In the NWA Pacific Northwest territory, Pepper became a multiple time champion, but continued in his role as commentator, calling matches in Portland, Seattle, Tacoma and Eugene. Officially, Martin was an NWA Pacific Northwest Heavyweight Champion five times, exchanging the title with other wrestling legends Stan Stasiak, Mad Dog Vachon, Paul Jones, Tony Borne and the aforementioned Patterson. Martin also became an eight time NWA Pacific Northwest Tag Team Champion with Shag Thomas (4x), Luther Lindsay (2x), Paul Jones and Billy White Wolf.

==Acting career==
Martin's first feature film was the 1968 film Angels from Hell. He also appeared in Walking Tall (1973), The Longest Yard (1974), Live A Little, Steal A Lot (1975), the slasher Scream (1981) and the horror comedy Return to Horror High (1987).

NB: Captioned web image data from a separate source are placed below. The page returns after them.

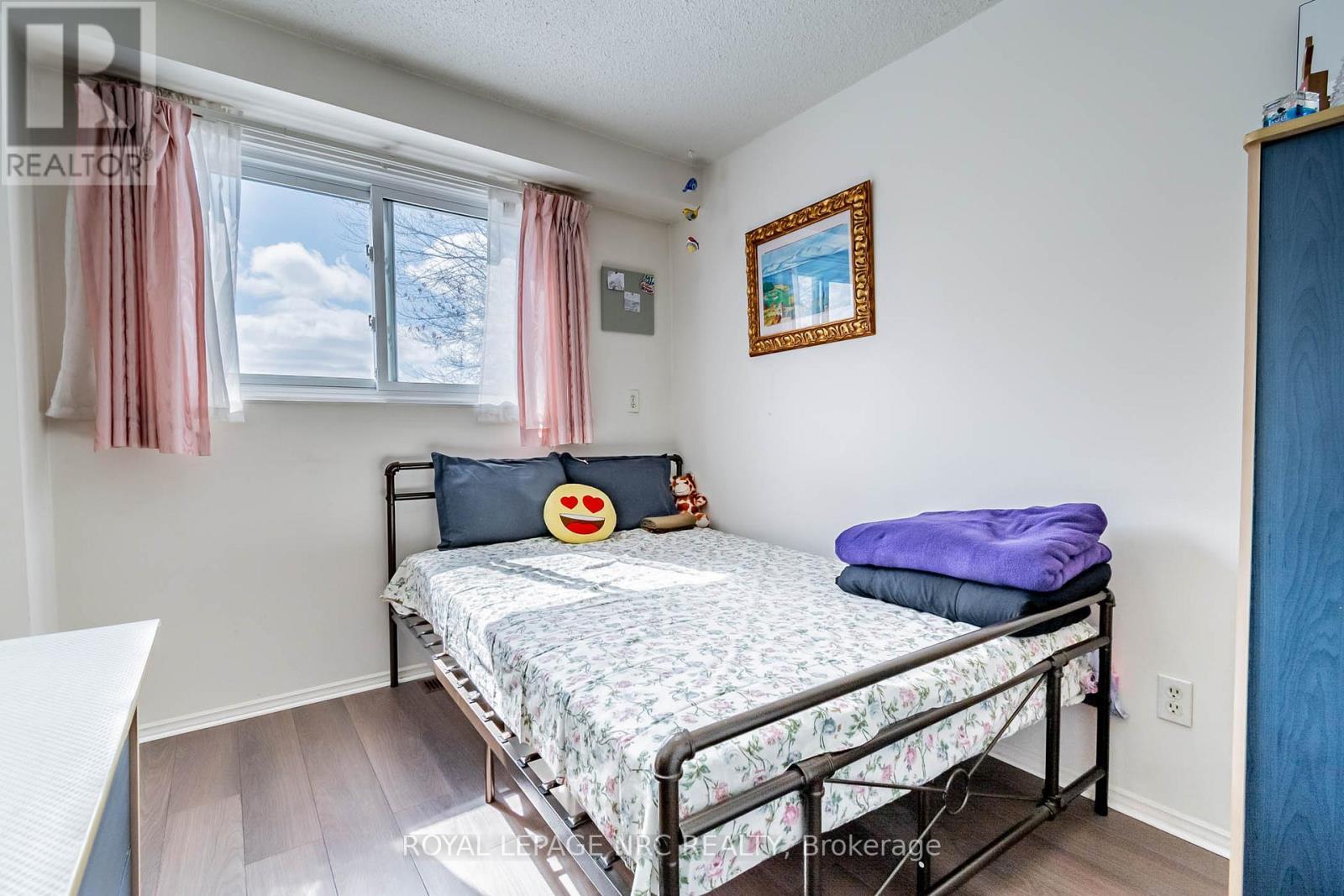 












14 - 64 FORSTER STREET

,
St. Catharines (Vine/Linwell),




Ontario
L2N6T5

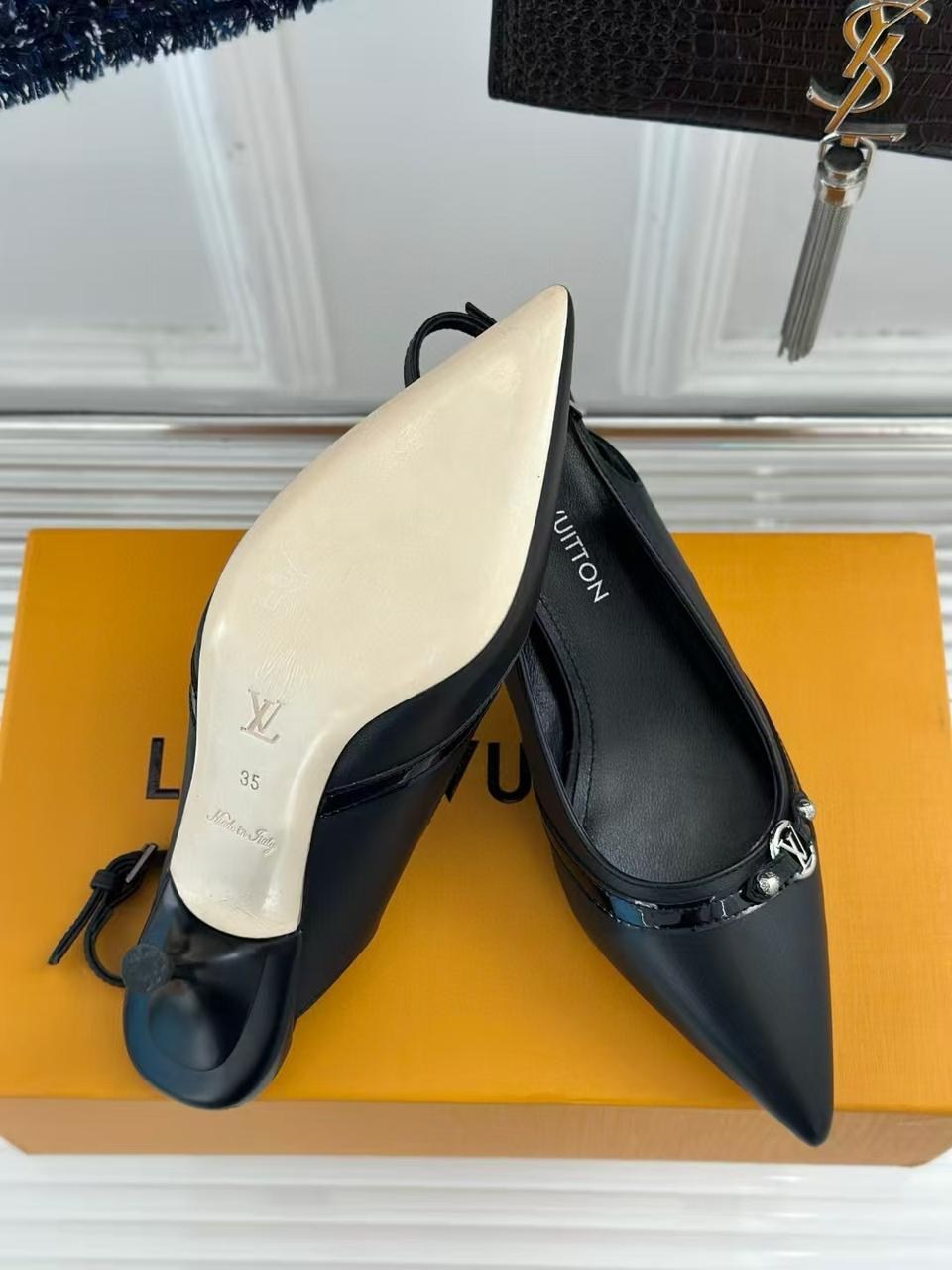 босоножки louis vuitton,черные туфли луи виттон,мюли louis vuitton,,louis vuitton туфли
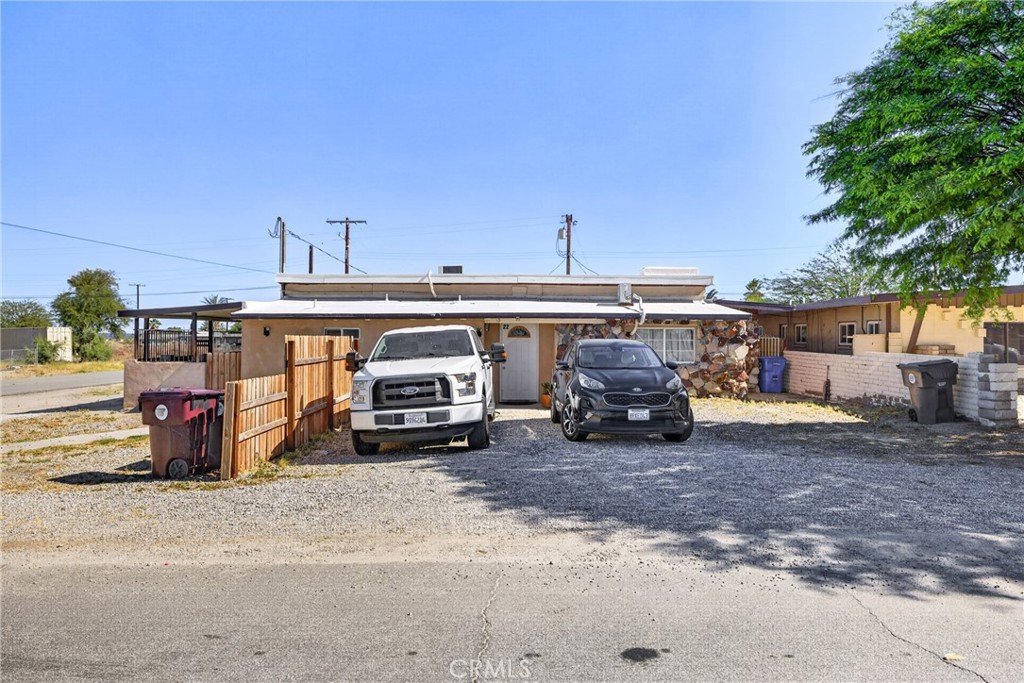 81 Panorama Property Photo 6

He may be best known for his role as the truck driver, Rocky, who beats up a depowered Superman - and is later beaten up by a repowered Superman - in the 1980 sequel Superman II. Martin's TV appearances include Police Woman, The Mod Squad, I Dream of Jeannie, The Incredible Hulk, Mannix, and The Rockford Files.

The play The Time of Your Life was revived on March 17, 1972, at the Huntington Hartford Theater in Los Angeles with Martin, Henry Fonda, Richard Dreyfuss, Ron Thompson, Gloria Grahame, Lewis J. Stadlen, Strother Martin, Richard X. Slattery and Jane Alexander among the cast with Edwin Sherin directing.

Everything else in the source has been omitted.